I bolded the important portions. So we are looking at a general purpose quantum computer which needs at least 1,800 logical qubits. Nobody (AFAIK) has even done research on the amount of error correction required for a commercial general purpose quantum computer (because none exists) but lets take the authors estimate of "dozens of physical qubits per logical qubit" and use 24x as a low end. This 1,800 * 24 = 43,200 physical qubits. To put that into perspective the largest (AFAIK please correction if you find a larger example) general purpose quantum computer capable of implenting Shor's algorithm is ... 7 qubits.

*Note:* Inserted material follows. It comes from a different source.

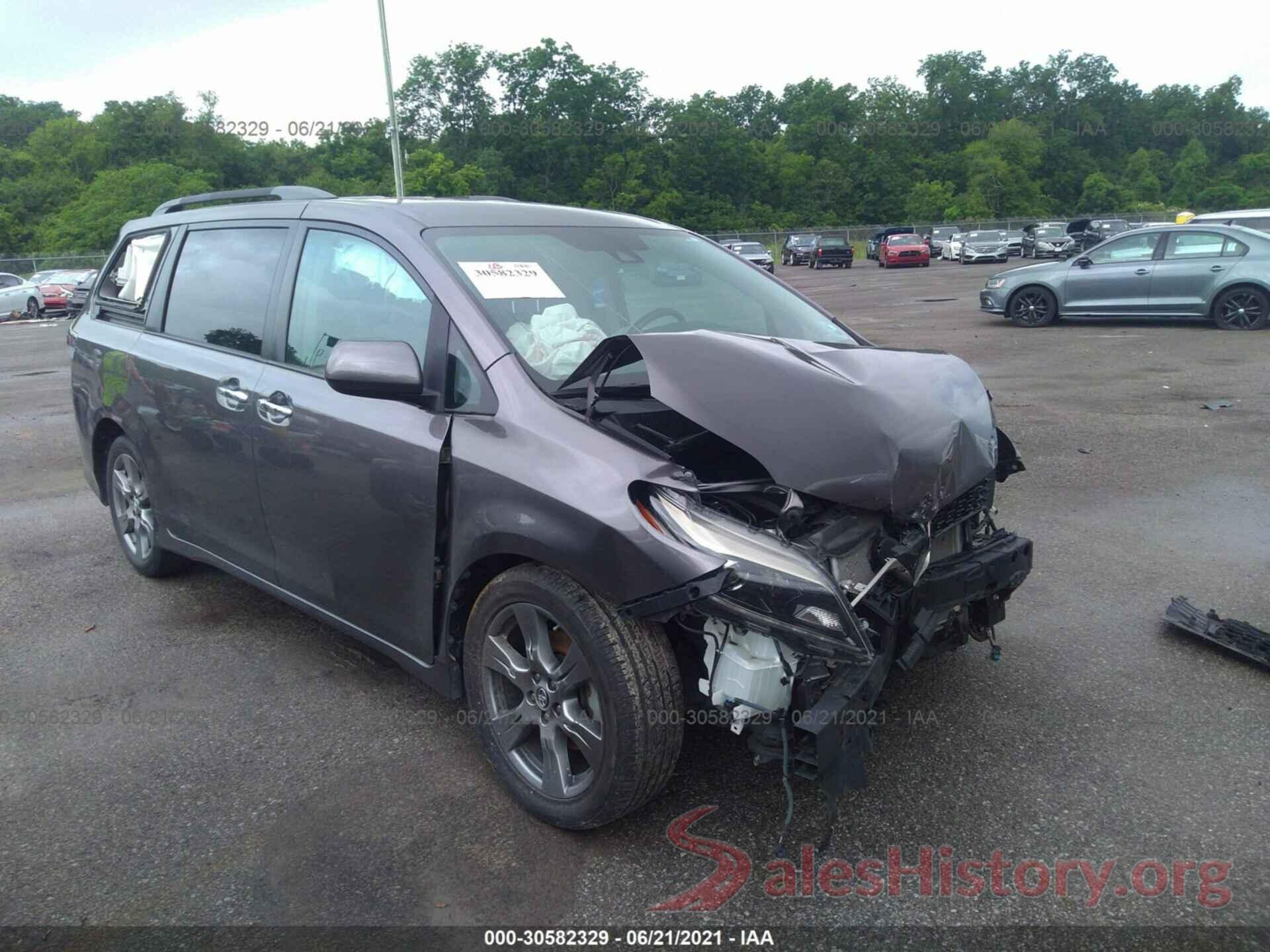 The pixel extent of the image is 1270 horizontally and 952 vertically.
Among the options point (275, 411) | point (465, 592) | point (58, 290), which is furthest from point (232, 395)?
point (58, 290)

Still this may happen within our lifetime. There are a couple things which can be done. The simplest would be to implement a new address type which uses a larger ECC curve. 512 bit keys doubles the required qubits and 1,024 will quadruple them. If GPQC proves viable this would buy the network some time for a longer term solution. I don't know if 1,024 bit ECC even exist simply because 256 bit keys are consider beyond brute force and 512 bit is beyond beyond brute force. A longer term and more complex solution would be moving to address schemes based on post-quantum algorithms (
http://en.wikipedia.org/wiki/Post-quantum_cryptography). The largest issue with these systems other than the fact that they have no widespread deployment and thus there may be unknown flaws is that generally they involve much much larger public keys. The bandwidth and storage requirements of Bitcoin are highly correlated to the size of the public key and we are talking about public keys in the kilobytes (notice the plural) range so 80x to 200x larger than current 256 bit public keys. Now it is entirely possible that in the future the effect of Moore's law on available storage and bandwidth will mean that 50,000 bytes in 2048 is no larger than 256 bytes today on a relative basis.